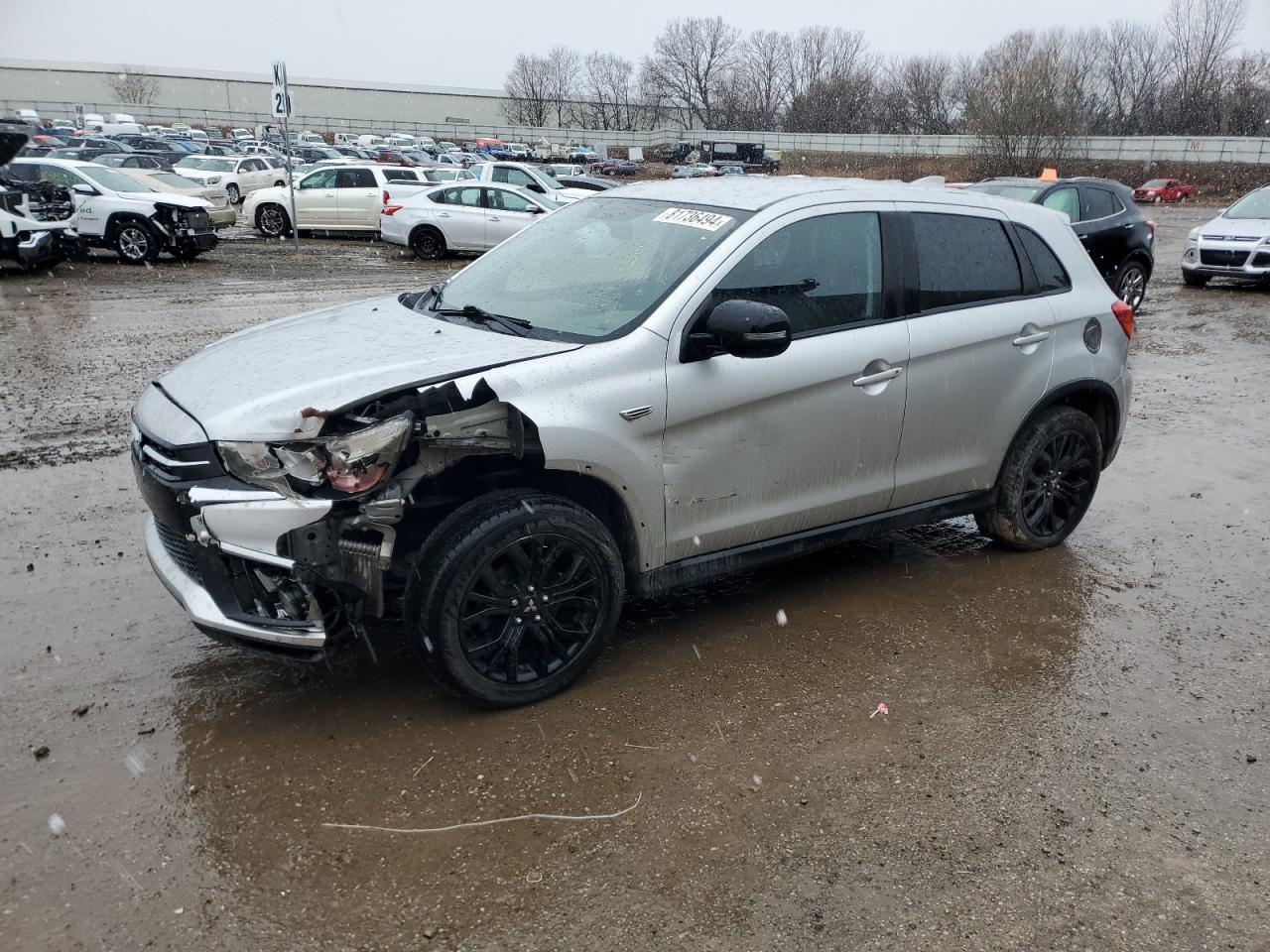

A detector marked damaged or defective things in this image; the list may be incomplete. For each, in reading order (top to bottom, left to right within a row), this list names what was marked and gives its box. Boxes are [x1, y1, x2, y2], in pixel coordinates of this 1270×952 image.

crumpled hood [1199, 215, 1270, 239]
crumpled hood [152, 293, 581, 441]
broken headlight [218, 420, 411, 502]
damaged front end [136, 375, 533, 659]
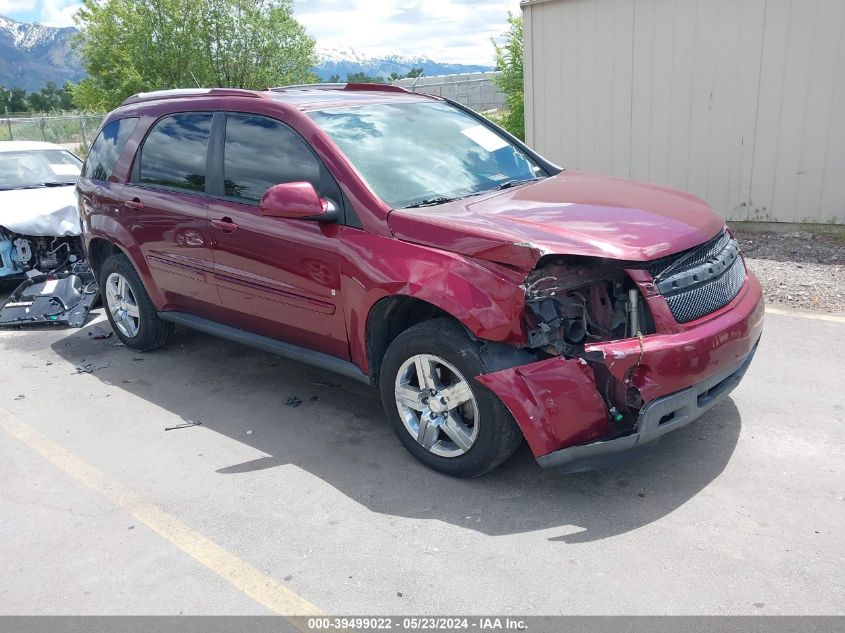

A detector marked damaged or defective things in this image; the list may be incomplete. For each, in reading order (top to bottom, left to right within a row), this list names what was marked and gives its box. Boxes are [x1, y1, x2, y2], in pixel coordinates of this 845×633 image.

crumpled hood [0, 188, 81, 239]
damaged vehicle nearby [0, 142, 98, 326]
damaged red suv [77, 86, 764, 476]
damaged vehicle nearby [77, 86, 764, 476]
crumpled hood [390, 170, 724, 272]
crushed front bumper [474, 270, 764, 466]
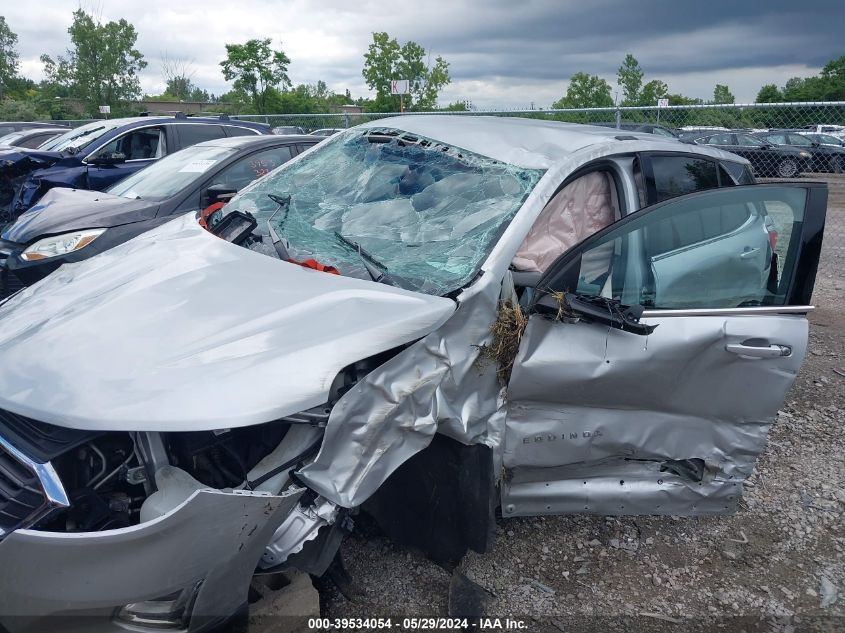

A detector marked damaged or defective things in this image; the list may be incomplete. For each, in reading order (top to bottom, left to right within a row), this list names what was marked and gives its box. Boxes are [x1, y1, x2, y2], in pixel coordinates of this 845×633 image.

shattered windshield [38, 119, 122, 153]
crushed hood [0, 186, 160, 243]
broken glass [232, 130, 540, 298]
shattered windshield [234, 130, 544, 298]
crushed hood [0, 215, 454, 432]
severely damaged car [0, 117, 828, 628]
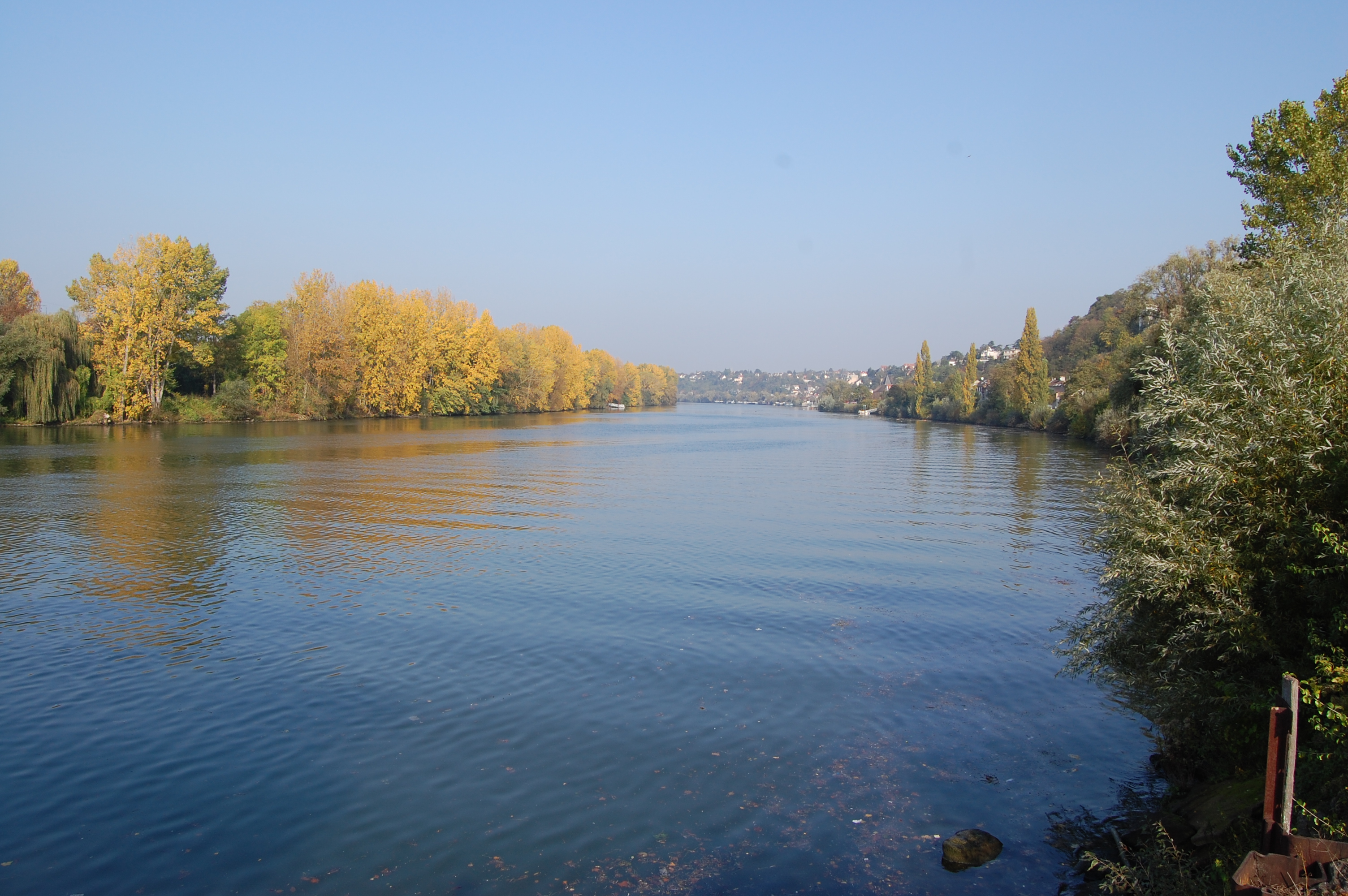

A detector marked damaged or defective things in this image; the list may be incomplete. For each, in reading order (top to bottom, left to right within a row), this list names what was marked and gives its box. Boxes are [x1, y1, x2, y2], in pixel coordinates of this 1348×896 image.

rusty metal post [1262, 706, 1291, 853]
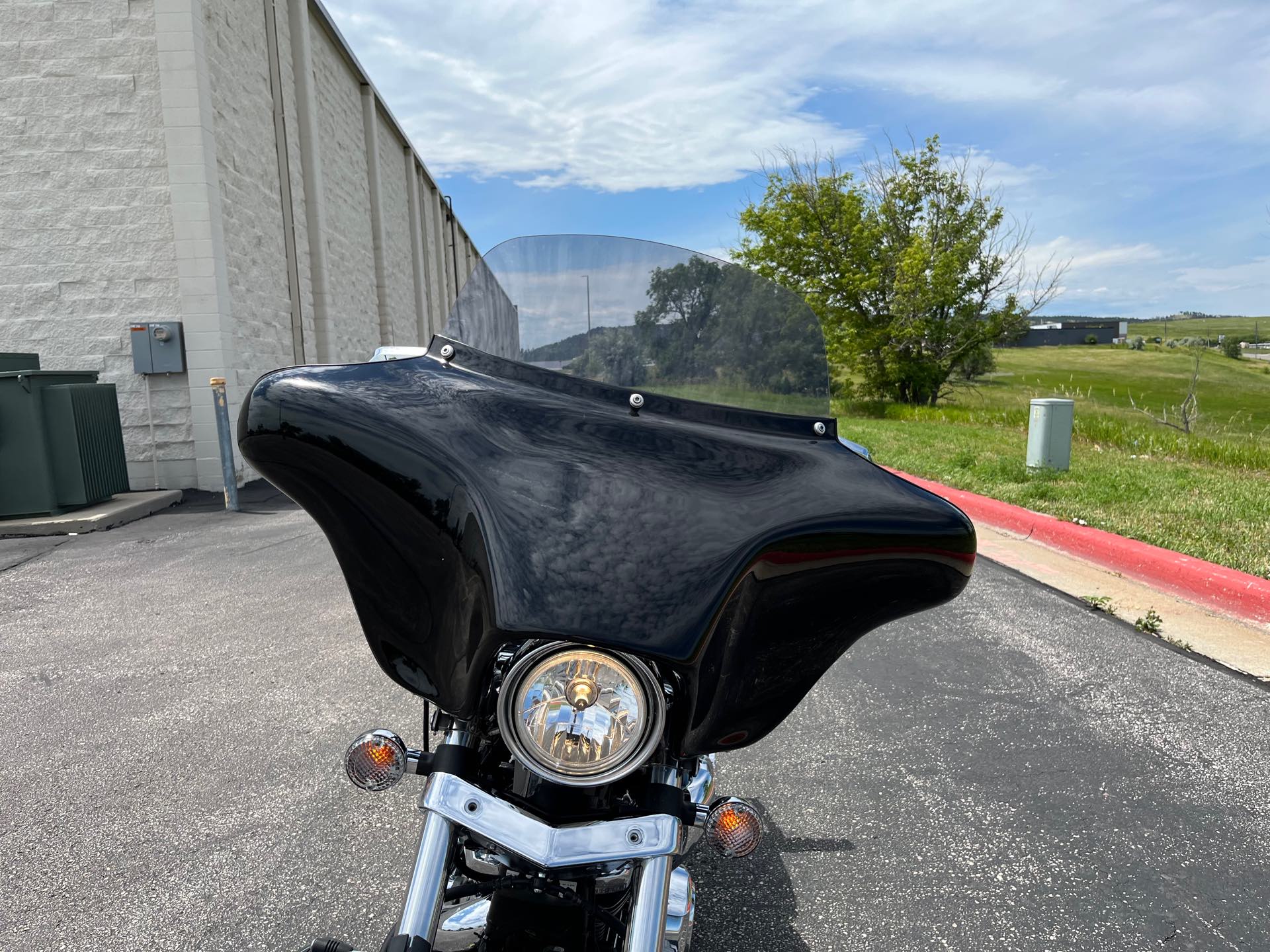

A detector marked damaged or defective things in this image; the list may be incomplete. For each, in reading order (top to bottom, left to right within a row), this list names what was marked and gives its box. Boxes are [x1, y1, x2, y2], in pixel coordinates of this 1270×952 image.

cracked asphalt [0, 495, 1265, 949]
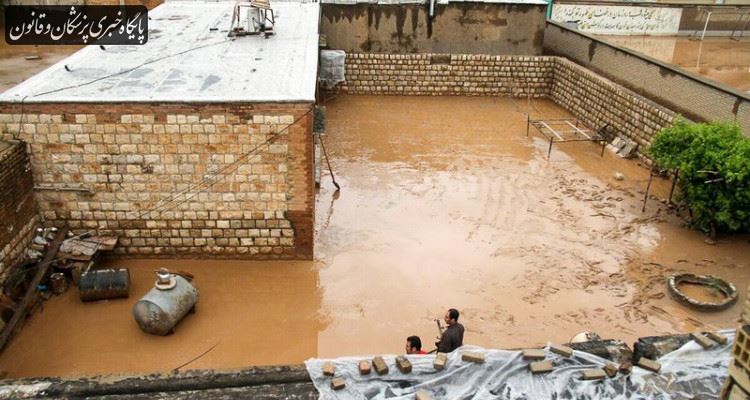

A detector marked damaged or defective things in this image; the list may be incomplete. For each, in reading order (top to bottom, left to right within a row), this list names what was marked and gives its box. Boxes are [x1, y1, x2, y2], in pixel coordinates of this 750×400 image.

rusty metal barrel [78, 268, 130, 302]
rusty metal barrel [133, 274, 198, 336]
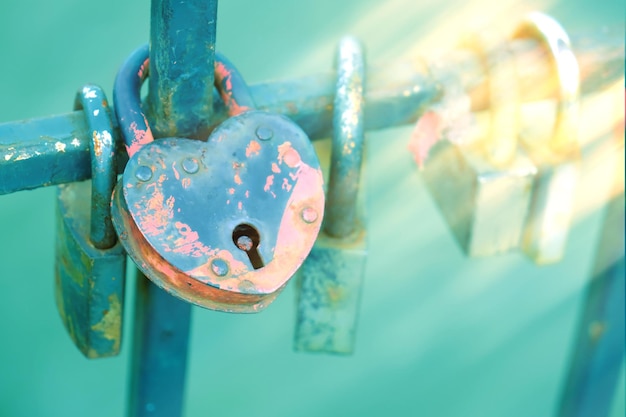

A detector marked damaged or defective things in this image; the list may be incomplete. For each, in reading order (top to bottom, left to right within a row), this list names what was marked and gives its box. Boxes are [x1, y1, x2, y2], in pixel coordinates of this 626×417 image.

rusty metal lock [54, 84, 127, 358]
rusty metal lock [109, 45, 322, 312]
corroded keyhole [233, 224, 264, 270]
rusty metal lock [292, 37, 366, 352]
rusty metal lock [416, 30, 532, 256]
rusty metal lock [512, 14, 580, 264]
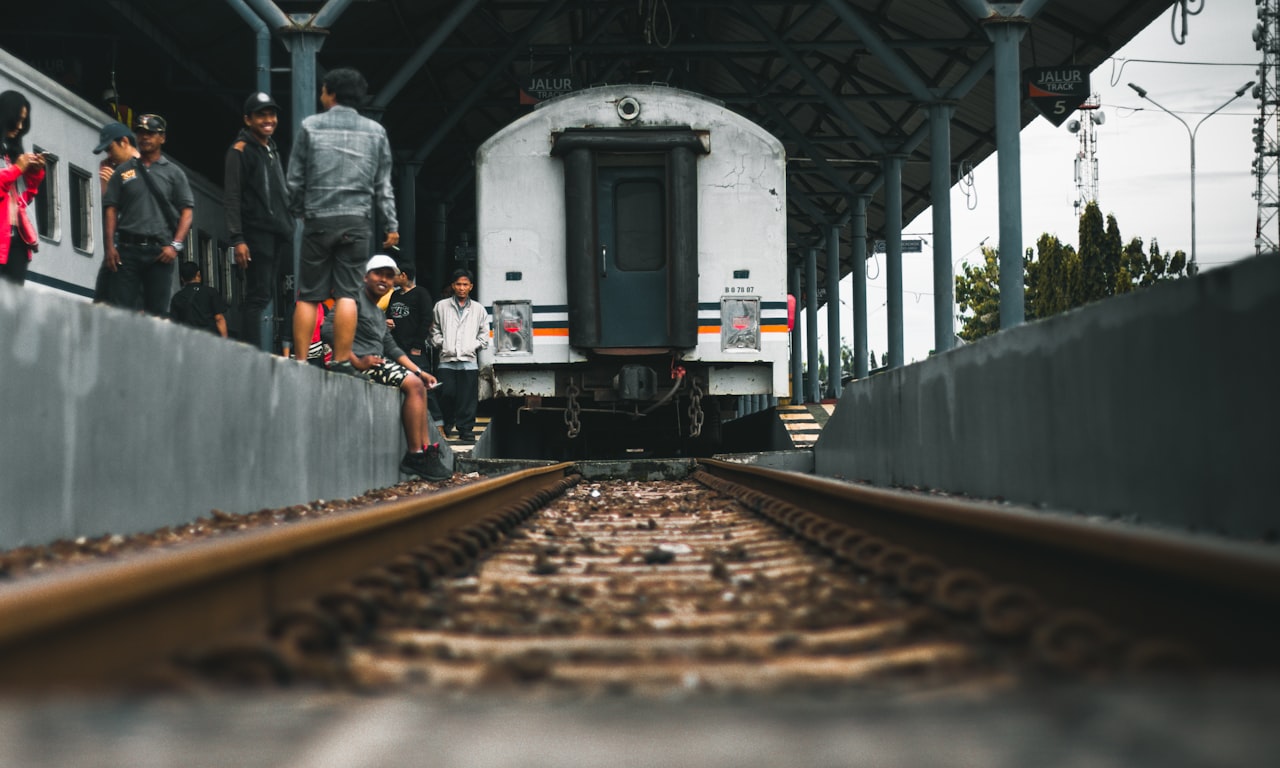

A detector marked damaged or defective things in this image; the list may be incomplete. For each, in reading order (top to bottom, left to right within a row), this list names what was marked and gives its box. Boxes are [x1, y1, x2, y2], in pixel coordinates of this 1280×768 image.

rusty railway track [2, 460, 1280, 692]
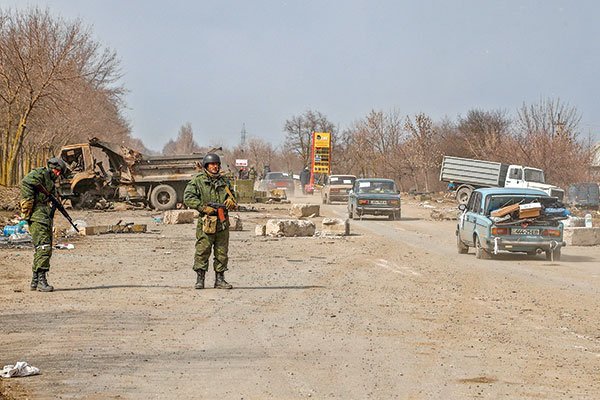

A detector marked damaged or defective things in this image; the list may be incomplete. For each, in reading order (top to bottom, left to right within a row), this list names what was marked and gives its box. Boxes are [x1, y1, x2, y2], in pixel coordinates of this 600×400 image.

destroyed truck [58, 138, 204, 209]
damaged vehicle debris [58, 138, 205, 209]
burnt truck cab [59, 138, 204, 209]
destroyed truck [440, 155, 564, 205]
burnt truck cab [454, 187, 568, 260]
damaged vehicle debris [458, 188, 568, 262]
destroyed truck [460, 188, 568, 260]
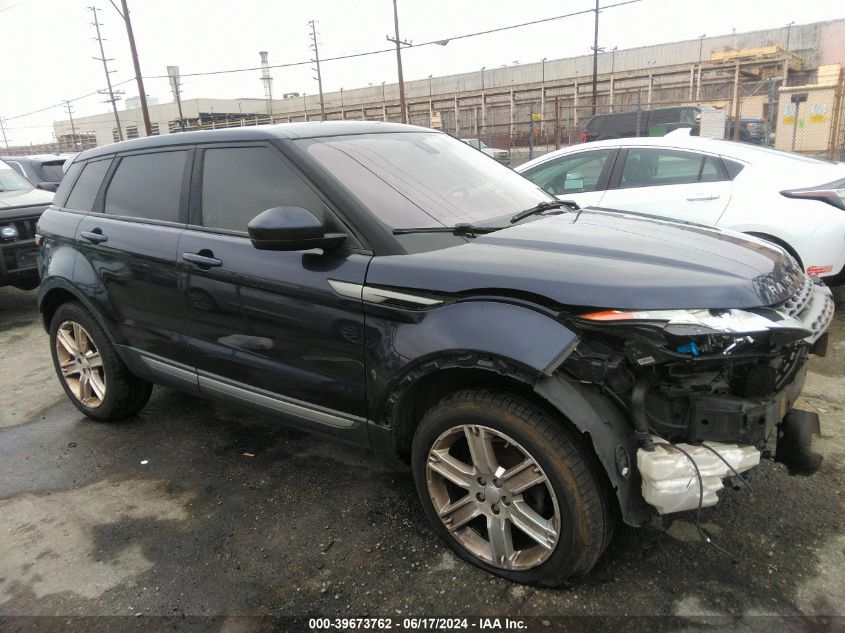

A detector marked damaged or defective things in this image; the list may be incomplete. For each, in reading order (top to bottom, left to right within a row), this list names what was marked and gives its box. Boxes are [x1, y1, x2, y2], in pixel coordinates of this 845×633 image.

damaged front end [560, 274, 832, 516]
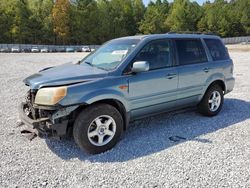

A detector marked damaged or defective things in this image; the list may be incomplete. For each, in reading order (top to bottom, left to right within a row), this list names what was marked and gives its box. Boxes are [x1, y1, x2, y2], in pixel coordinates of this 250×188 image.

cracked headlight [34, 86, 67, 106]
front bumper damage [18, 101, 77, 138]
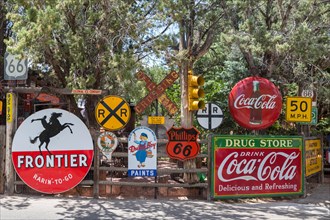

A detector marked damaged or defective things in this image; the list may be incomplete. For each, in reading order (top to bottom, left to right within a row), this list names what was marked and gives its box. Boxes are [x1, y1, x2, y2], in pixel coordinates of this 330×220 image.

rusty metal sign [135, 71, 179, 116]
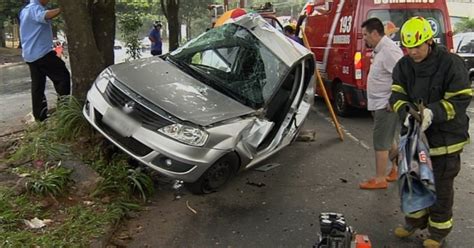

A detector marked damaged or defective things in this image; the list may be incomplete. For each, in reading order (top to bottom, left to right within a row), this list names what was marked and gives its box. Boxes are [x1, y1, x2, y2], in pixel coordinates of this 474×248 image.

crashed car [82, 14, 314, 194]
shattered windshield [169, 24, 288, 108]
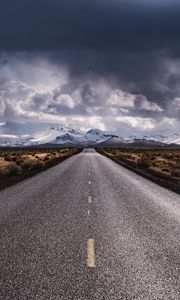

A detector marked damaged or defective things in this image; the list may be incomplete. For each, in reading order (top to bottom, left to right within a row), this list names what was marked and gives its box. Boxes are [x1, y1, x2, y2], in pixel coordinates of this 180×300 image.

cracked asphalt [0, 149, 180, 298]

==================================================

> **WHAT THE EXERCISE ASKS**
Return exactly the lines in the records above, beginning with the one that holds "this 180×300 image." and ending with the last.

> **ANSWER BOX**
A detector marked damaged or defective things in this image; the list may be incomplete. For each, in reading order (top to bottom, left to right within a row), this list names what was marked and gives its box. Boxes are [x1, y1, x2, y2], in pixel coordinates of this 180×300 image.

cracked asphalt [0, 149, 180, 298]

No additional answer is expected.